Badness 10.0000 | Algebraic patterns

Badness 10.000

Introduction

In this instalment we’ll take a further look at Monoid morphisms to try to cement our understanding of this concept. We’ve used monoids to understand parallelism in the Map-Reduce style programming model. We’ll continue by looking at applications in the related notion of Divide & Conquer style problem solving.

To reiterate, monoid morphisms are structure-preserving maps between monoids. That is for two monoids \((M, \oplus, e)\) and \((N, \otimes, f)\) a monoid morphism \(h\) is a function satisfying

\[ \begin{aligned} h(e) & = f\\ h(a \oplus b) & = h(a) \otimes h(b) \end{aligned} \]

so a monoid morphism preserves identity and composition.

Divide & Conquer

Below we will solve at a set of Divide & Conquer type problems and show that monoid morphisms often capture the divide and conquer steps.

Wishing to calculate the result of applying a function \(h\), we start by “dividing” it’s argument by writing it as a composition in terms of \(\oplus\).

\[ h(a \oplus b) \]

and by using the monoid morphism law, we rewrite in terms of \(\otimes\)

\[ h(a) \otimes h(b) \]

which captures the “conquering” — a re-composition step that recombines solved subproblems \(h(a)\) and \(h(b)\) into a full solution.

Sorting

There is the ordinary monoid of lists, but there is a also different monoid of sorted lists. The monoid of sorted lists does not have the usual concatenation \(\doubleplus\) as it’s composition, as it does not "maintain sortedness", i.e. \(xs \doubleplus ys\) need not be sorted just because \(xs\) and \(ys\) are.

Instead we’ll use as composition the operation \(\texttt{merge}\) which we’ll denote with \(\odot\). It is clearly associative, and has the empty list as its identity.

The function \(sort\) is a monoid morphism from ordinary lists to the monoid of sorted lists

\begin{aligned} sort(\emptyList) & = \emptyList\\ sort(xs \doubleplus ys) & = sort(xs) \odot sort(ys) \end{aligned}

If \(sort\) is an \(n^2\) time sort, such as insertion-sort or bubble-sort, this monoid morphism encodes an optimization step. Since merging can be done in linear time, and the decomposition \(xs \doubleplus ys\) can be chosen to halve the length of the composite list, we can go from \(n^2\) to \((2(\frac{n}{2})^2 + n)\) time, which is a significant performance improvement.

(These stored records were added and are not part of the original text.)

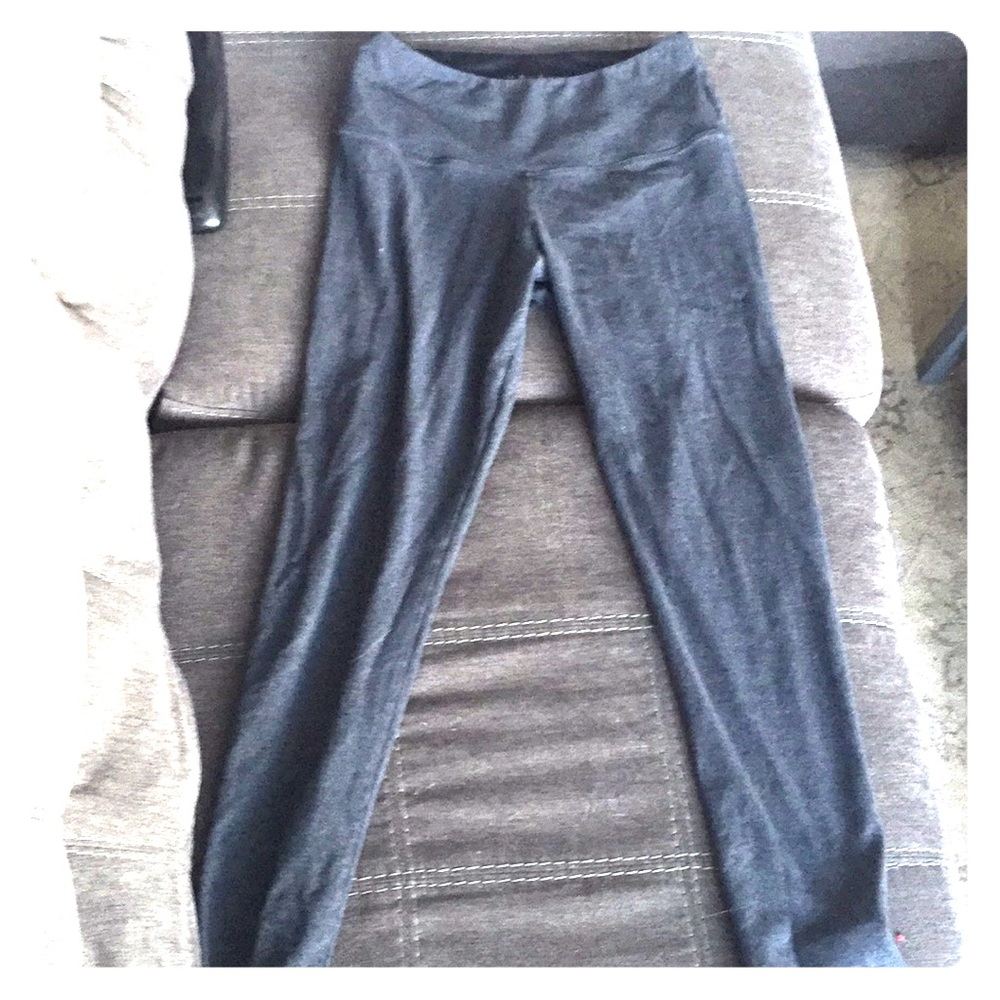 Grey Tribal pants
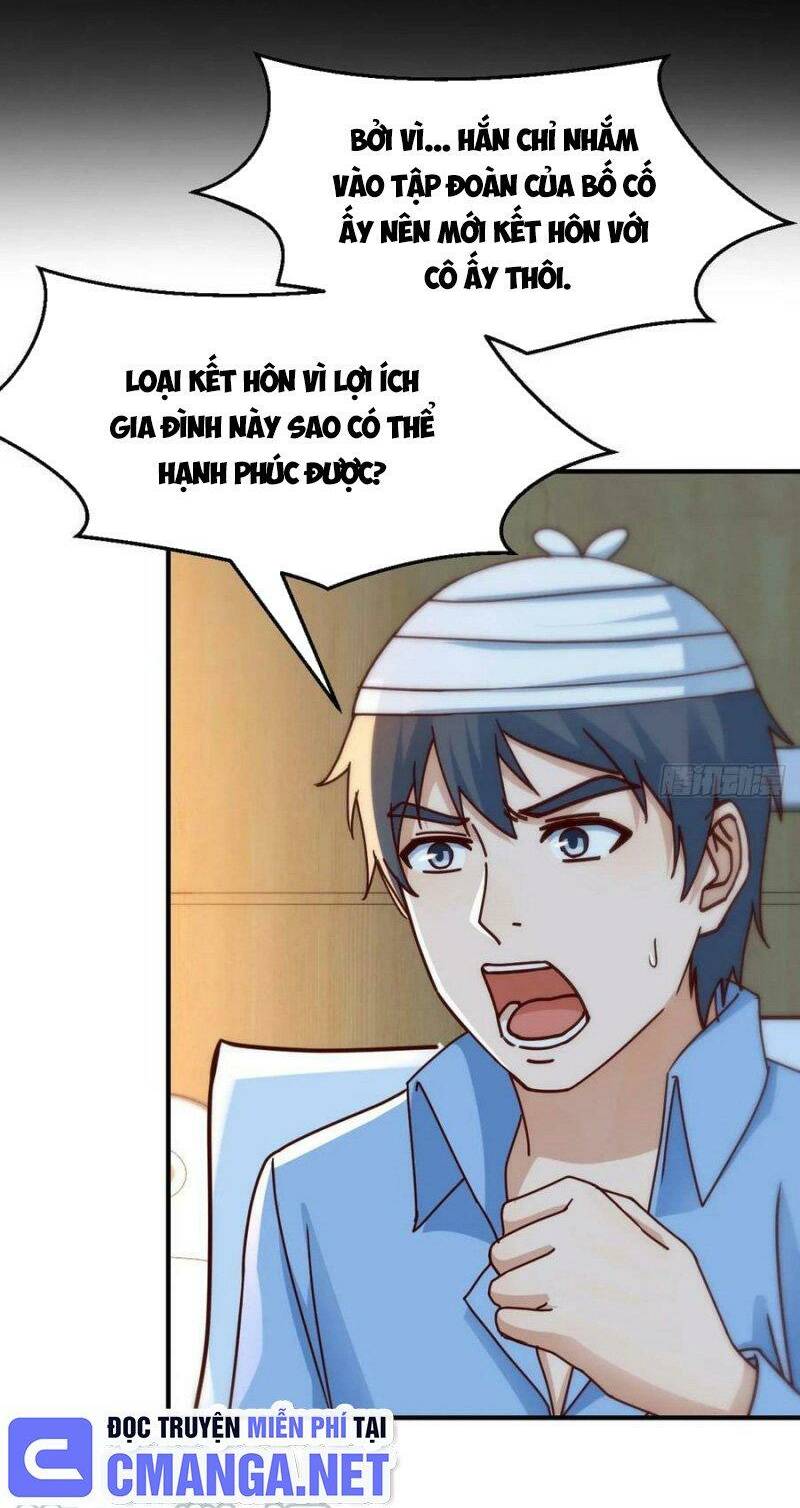 Trong Nhà Có 2 Bạn Gái Song Sinh - Chapter 273 - Page 30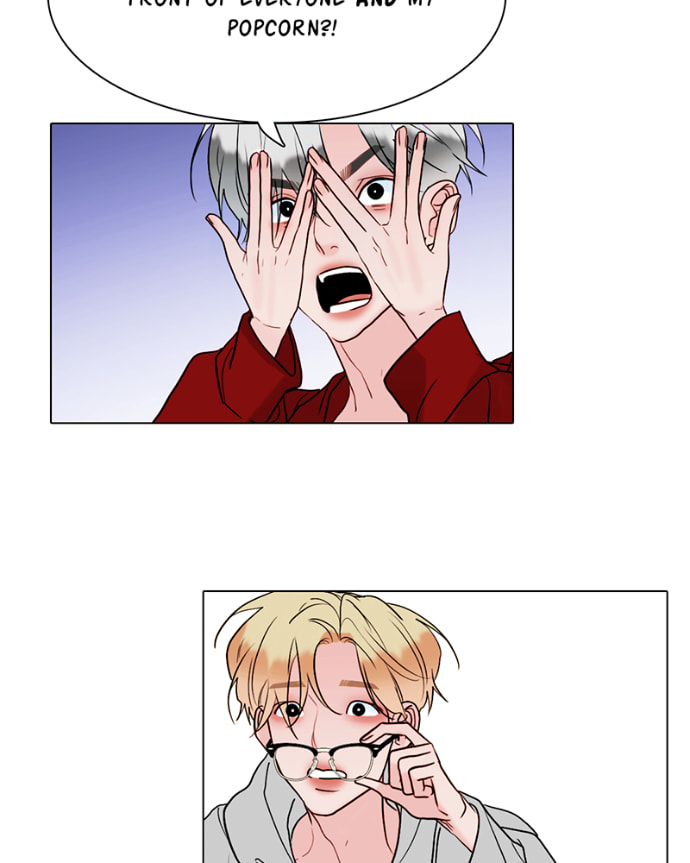Read Lost in Translation chapter 104 image 27 on Lezhin
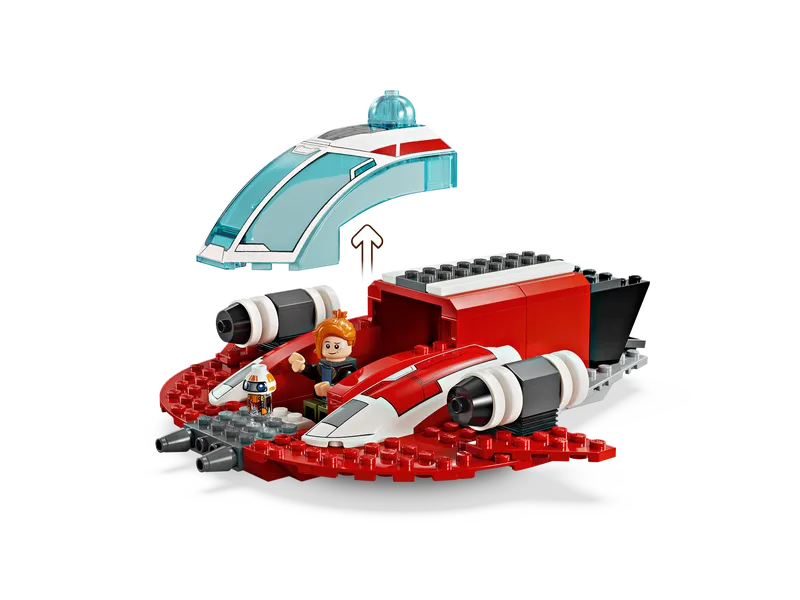 The Crimson Firehawk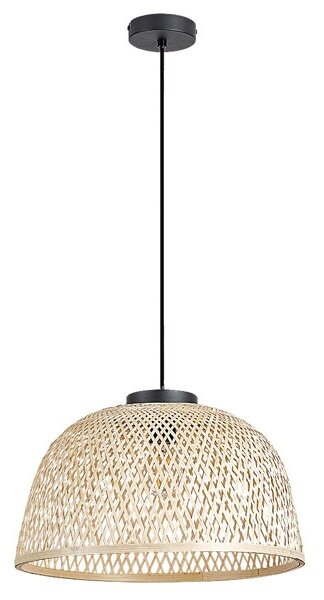 Rabalux 98072025 závesné stropné svietidlo Rattan E27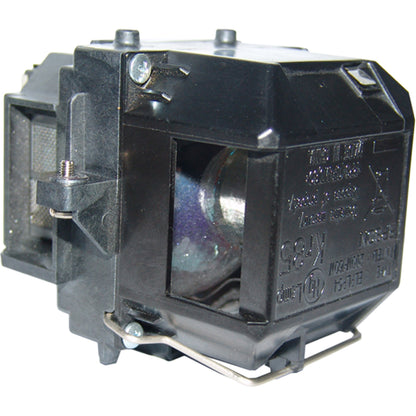 Epson V13H010L55 Genuine OEM Replacement Projector Lamp & Housing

By repeatedly applying this monoid morphism we derive the merge-sort algorithm.

Exponentiation

The function \(exp\) is a monoid morphism from the monoid of numbers with addition to the monoid of numbers with multiplication. The meaning of this statement is that \(exp\) should satisfy

\[ exp(0) = 1\\ exp(b + c) = exp(b) * exp(c) \]

which we know to be true, since

\[ exp(a + b) = e^{a + b} = e^a e^b = exp(a) * exp(b) \]

This argument would work for any exponentiation function, not just with \(e\) as a base, so there is a monoid morphism of this form for any number \(a\), namely the function \(x \mapsto a^x\).

\[ a^0 = 1\\ a^{b + c} = a^b * a^c \]

We can take advantage of this identity if we’d like to calculate an exponential where the exponent is an even whole number.

\[ a^{2n} = a^{n} * a^{n} \]

Assuming we’re calculating this exponent in the naive way of performing \(2n\) multiplications, this rule describes an optimization step, resulting instead in \(n + 1\) multiplications, as we need only calculate \(a^n\) a single time.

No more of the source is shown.